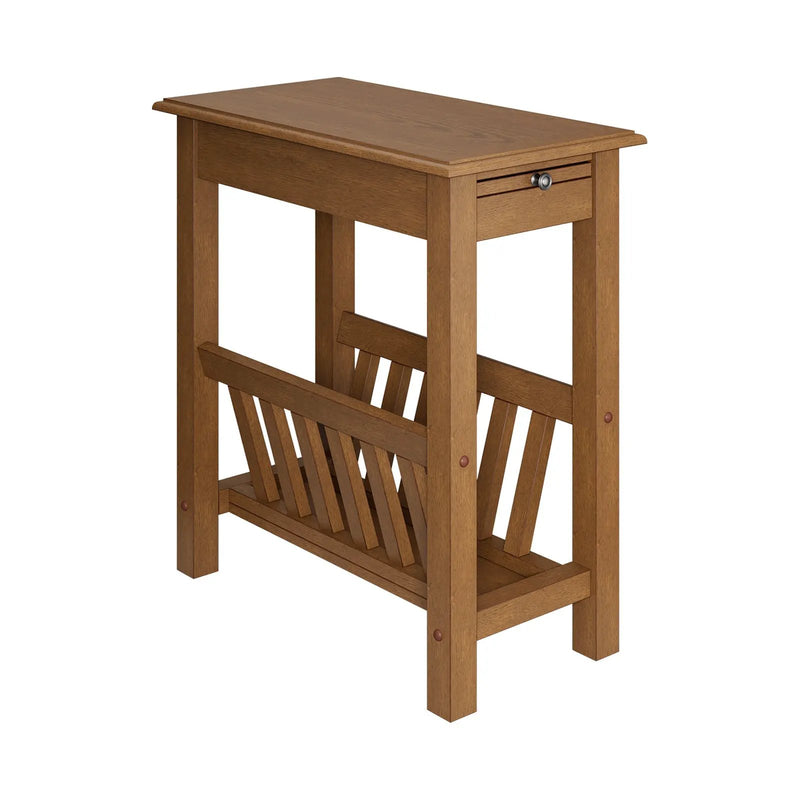 2-Tier End Table with Pull-out Tray and Solid Rubber Wood Legs by DirectDeals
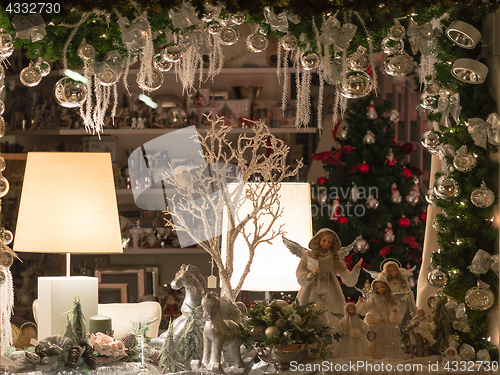 Image of Christmas shop-window decoration with traditional porcelain figu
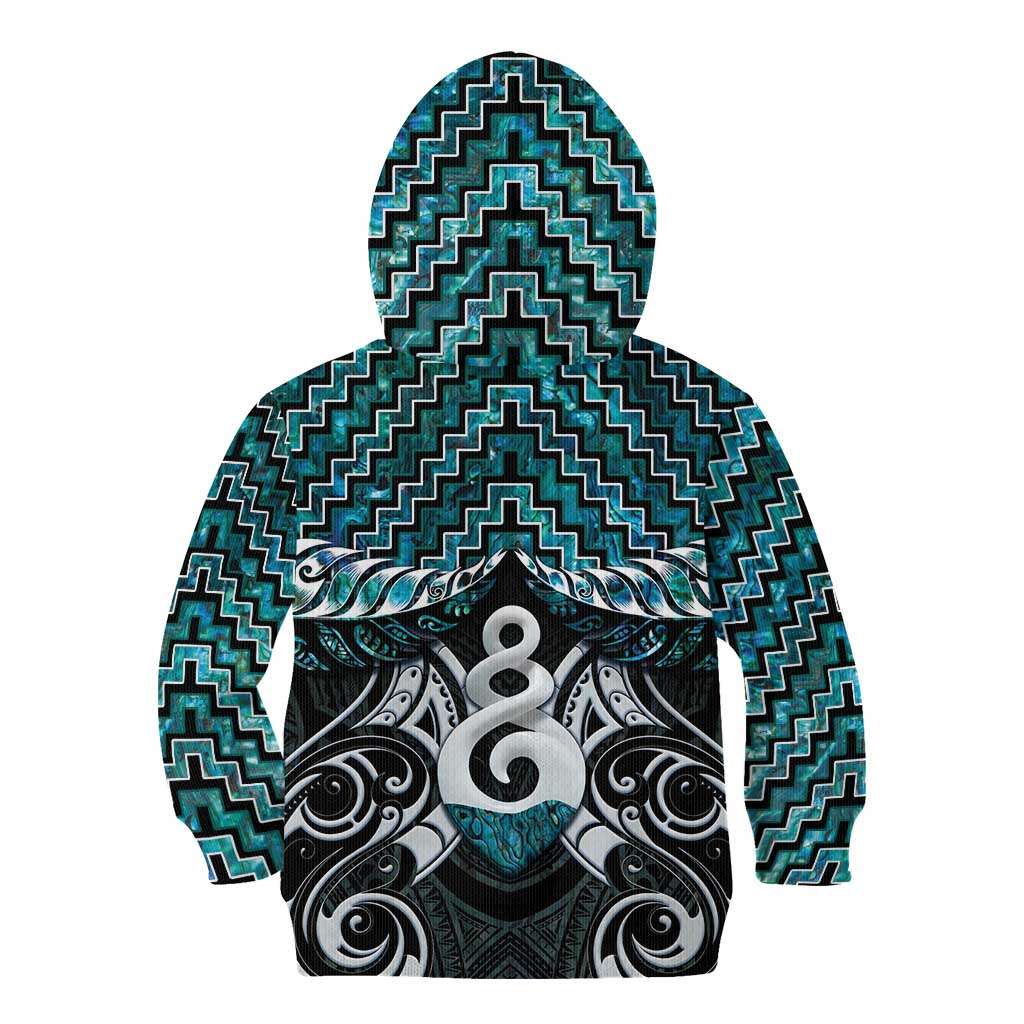 New Zealand Maori Kid Hoodie Poutama Pikorua Turquoise Paua Shell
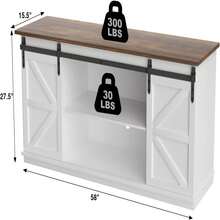 Modern Farmhouse TV Stand Media Storage TV Console Sliding Cabinet Doors - White - View 4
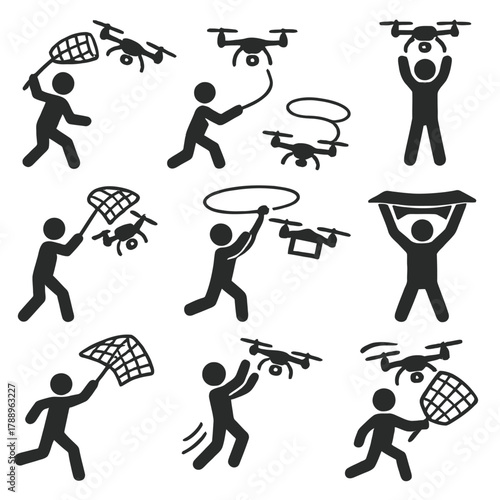 Drone Capture Net and UAV Interception Silhouette Icons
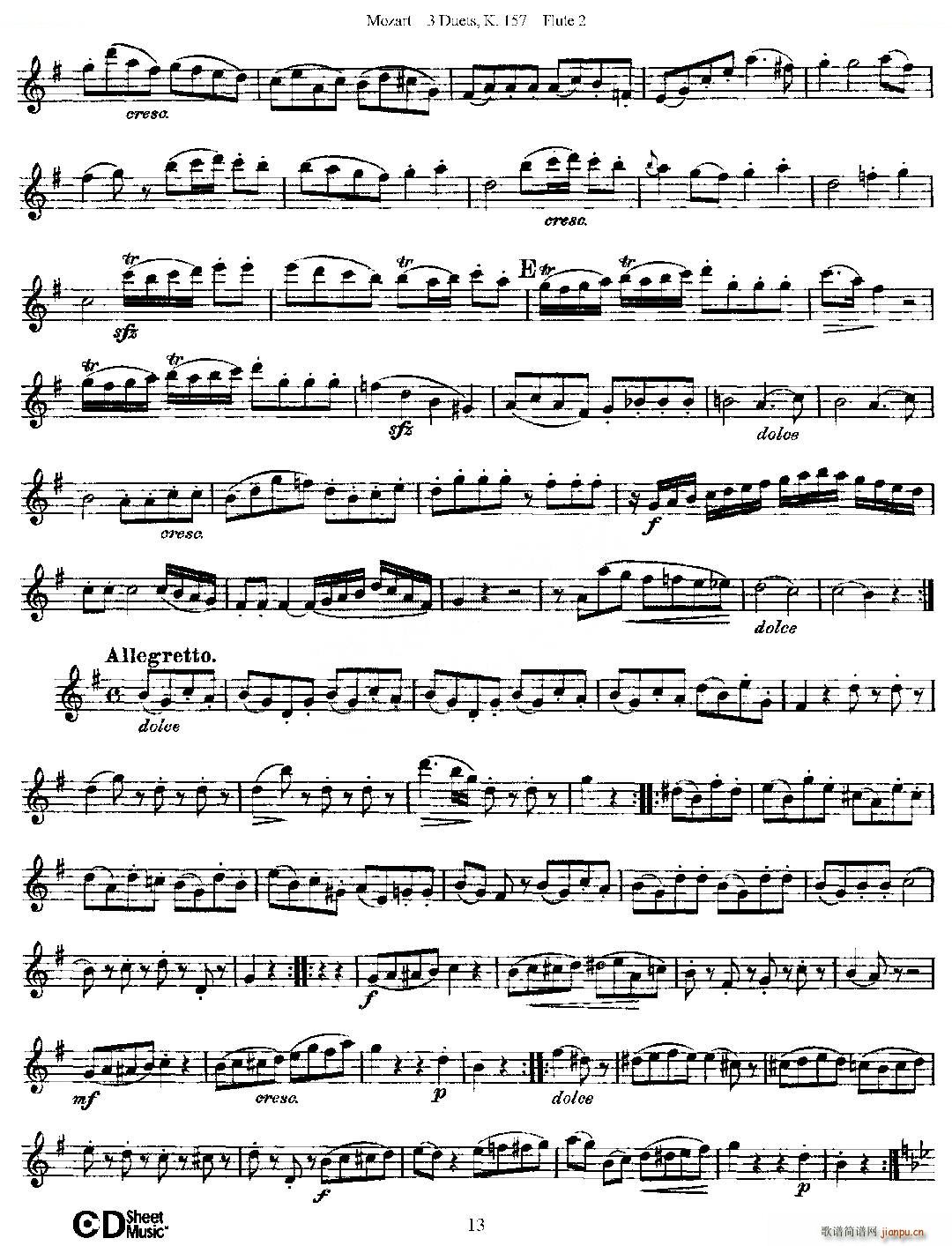3 Duets K 157 ֮ڶL(chng)  K157̖ ~(ѺV)13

--------------------------------

▶ **WHAT IS EXPECTED**
Go through the material and set it down again exactly, but without any pictures.

▶ **TASK RESULT**
 2-Tier End Table with Pull-out Tray and Solid Rubber Wood Legs by DirectDeals
 Image of Christmas shop-window decoration with traditional porcelain figu
 New Zealand Maori Kid Hoodie Poutama Pikorua Turquoise Paua Shell
 Modern Farmhouse TV Stand Media Storage TV Console Sliding Cabinet Doors - White - View 4
 Drone Capture Net and UAV Interception Silhouette Icons
3 Duets K 157 ֮ڶL(chng)  K157̖ ~(ѺV)13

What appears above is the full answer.